RECORDS PROVIDED:
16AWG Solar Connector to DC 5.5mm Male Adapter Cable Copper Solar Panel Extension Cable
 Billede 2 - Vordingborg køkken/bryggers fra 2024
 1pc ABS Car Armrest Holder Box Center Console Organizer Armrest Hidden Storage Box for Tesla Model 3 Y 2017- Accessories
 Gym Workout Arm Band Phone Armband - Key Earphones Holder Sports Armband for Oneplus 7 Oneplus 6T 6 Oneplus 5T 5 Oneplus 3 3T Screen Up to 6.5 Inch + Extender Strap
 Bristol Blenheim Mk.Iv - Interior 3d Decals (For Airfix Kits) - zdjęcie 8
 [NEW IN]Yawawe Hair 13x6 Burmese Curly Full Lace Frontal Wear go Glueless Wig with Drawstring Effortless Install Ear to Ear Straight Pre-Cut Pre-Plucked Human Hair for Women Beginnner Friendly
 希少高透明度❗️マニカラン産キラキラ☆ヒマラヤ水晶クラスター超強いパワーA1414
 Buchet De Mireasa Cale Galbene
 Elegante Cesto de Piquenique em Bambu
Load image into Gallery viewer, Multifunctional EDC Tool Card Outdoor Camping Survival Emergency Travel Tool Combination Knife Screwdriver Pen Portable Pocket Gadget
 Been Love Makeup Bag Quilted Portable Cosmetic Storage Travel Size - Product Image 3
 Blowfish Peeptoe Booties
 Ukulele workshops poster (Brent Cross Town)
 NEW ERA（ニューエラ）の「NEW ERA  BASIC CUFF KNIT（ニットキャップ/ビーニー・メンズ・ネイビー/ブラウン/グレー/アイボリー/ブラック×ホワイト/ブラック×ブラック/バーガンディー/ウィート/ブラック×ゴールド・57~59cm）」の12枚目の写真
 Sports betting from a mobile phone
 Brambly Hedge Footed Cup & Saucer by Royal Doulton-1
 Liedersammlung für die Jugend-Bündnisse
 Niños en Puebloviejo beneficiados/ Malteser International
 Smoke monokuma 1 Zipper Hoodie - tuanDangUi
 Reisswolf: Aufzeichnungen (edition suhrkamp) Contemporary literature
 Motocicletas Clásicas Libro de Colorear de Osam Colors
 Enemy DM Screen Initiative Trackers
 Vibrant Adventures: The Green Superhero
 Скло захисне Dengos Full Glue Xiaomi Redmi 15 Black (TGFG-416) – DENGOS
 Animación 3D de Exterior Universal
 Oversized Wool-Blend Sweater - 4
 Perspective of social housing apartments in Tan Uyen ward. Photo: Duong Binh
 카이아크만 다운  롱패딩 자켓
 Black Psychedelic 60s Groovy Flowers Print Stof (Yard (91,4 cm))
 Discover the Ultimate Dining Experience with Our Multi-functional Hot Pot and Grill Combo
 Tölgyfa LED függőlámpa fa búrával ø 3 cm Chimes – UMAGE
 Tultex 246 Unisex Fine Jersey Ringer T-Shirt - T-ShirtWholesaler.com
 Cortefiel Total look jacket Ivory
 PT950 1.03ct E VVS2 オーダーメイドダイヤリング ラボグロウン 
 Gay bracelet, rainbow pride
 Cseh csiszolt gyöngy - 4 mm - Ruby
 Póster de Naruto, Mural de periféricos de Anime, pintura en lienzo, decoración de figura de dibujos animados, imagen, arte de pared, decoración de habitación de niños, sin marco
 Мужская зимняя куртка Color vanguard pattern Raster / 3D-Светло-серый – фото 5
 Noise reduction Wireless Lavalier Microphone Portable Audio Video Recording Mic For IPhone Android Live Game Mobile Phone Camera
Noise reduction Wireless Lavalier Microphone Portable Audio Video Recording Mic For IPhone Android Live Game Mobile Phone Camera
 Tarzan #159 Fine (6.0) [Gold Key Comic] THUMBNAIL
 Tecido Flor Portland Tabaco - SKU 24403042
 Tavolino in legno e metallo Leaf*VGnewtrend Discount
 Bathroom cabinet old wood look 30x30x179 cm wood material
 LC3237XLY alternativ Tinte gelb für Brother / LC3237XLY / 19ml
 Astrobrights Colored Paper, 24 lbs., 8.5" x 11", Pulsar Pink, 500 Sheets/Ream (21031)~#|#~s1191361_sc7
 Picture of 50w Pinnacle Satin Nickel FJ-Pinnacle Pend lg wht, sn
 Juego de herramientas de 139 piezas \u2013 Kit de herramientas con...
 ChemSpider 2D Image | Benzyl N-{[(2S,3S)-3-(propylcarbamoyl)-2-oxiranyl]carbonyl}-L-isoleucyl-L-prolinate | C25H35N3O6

WHAT TO PRODUCE:
Reproduce the entries above exactly, but only the lines between the line holding "Brambly Hedge Footed" and the line holding "PT950 1.03ct E VVS2 オーダーメイドダイヤリング ラボグロウン", inclusive.

ANSWER AREA:
 Brambly Hedge Footed Cup & Saucer by Royal Doulton-1
 Liedersammlung für die Jugend-Bündnisse
 Niños en Puebloviejo beneficiados/ Malteser International
 Smoke monokuma 1 Zipper Hoodie - tuanDangUi
 Reisswolf: Aufzeichnungen (edition suhrkamp) Contemporary literature
 Motocicletas Clásicas Libro de Colorear de Osam Colors
 Enemy DM Screen Initiative Trackers
 Vibrant Adventures: The Green Superhero
 Скло захисне Dengos Full Glue Xiaomi Redmi 15 Black (TGFG-416) – DENGOS
 Animación 3D de Exterior Universal
 Oversized Wool-Blend Sweater - 4
 Perspective of social housing apartments in Tan Uyen ward. Photo: Duong Binh
 카이아크만 다운  롱패딩 자켓
 Black Psychedelic 60s Groovy Flowers Print Stof (Yard (91,4 cm))
 Discover the Ultimate Dining Experience with Our Multi-functional Hot Pot and Grill Combo
 Tölgyfa LED függőlámpa fa búrával ø 3 cm Chimes – UMAGE
 Tultex 246 Unisex Fine Jersey Ringer T-Shirt - T-ShirtWholesaler.com
 Cortefiel Total look jacket Ivory
 PT950 1.03ct E VVS2 オーダーメイドダイヤリング ラボグロウン 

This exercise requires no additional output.